I actually heard the latter half of this story on Thanksgiving, but at the time I think I'd just written my 600th family-centric post, deciding instead to stick it in my back pocket with the other gum wrappers and save it for later.
Ever since I was old enough to reminisce, I knew I'd been blessed by Mother Teresa. My mom had the opportunity to meet her when I was in utero, and as legend has it, she touched her growing stomach and made some wise crack about my future as a Missionary of Charity (a detail I usually leave out when telling this story because it leaves me no room to question my vocation or overall purpose in life - if Mother Teresa provides you with one, you're kind of obligated to follow up. Ah well...). So, since I probably had gills and no finger nails at the time of our meeting, I obviously do not remember this. That being said, it's a nice thought to carry around and pull out every time a bad day rolls around. You got the last seat on the bus? I've been blessed by Mother Teresa. Sub-zero temperatures? Eat poo, Mother Nature. I've been blessed by Mother Teresa. Anyway, for the past 26 years or so, I've had that to fall back on when everything else seems quietly out of line.
Fast forward to this past Thanksgiving. Sitting at the end of a long table with my aunt, uncle, mom and brother. Conversation makes its usual turn to talk of McDonald's franchises in somewhat unsavory areas of St. Louis. Standard banter. And then suddenly, I'm blindsided with a story I've never heard before. During that same bout of gestation, my mom and dad were grabbing dinner at a McDonald's near their apartment in the city when they were approached by a mentally unstable and possibly homeless woman. She could've asked for money or a French fry, but instead she chose to curse my mom's stomach. To curse me, an unassuming, downy quasi-human who had, so far, done nothing to harm anyone else. Apparently she made my mom cry and blah blah blah, the point being I had just nine months to make it through unscathed. To grow vital organs and eat through my stomach. But in those nine months, I managed to acquire a blessing from one of the most revered humanitarians in history and a curse from some lady who probably collects Bartles & Jaymes bottles filled with eyelashes.
As a result, so I've surmised, I'm destined to be mediocre. It's the ying and the yang of good deeds and value meals, and I am the result. Hovering gently in the middle.
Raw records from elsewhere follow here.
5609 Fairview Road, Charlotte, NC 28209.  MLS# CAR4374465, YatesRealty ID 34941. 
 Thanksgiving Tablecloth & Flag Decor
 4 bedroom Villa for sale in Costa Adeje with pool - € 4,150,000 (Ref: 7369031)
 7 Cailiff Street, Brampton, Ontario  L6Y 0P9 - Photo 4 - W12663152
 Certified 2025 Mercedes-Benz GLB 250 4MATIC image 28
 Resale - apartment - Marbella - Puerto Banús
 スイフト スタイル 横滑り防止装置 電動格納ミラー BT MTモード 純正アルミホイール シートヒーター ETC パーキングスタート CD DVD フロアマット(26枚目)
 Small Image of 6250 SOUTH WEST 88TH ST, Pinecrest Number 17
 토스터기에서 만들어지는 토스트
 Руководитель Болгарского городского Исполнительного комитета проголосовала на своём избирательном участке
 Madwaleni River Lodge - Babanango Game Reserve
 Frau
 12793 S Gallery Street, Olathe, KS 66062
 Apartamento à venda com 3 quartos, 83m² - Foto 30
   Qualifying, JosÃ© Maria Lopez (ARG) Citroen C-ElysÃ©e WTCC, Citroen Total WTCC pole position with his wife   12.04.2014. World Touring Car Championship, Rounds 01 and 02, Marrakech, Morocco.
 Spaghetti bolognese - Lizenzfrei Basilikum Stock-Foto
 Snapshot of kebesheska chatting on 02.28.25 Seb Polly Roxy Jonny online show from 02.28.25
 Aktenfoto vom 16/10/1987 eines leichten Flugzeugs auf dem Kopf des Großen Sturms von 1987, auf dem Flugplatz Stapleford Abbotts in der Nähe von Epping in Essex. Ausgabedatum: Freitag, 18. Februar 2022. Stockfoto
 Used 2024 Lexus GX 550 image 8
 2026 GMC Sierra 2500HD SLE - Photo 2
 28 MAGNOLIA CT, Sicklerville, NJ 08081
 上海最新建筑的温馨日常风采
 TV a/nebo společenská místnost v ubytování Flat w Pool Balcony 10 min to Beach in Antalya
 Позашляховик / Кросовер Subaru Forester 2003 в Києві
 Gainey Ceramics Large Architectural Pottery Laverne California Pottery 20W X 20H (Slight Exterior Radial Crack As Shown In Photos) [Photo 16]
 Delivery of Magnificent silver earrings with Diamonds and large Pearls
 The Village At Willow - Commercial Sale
If I'd never heard the second part of my fetal journey, I would've continued to believe that I'm some sort of female Emperor of the Sun, called upon to shoulder the burden of holy greatness. It's probably better this way, as I can now reconcile my newly realistic obligations as a human being, my unnatural love of sweet & sour sauce packets, and the faint memory of a wrinkled Nobel Peace Prize-winning hand seen through small, developing eyes.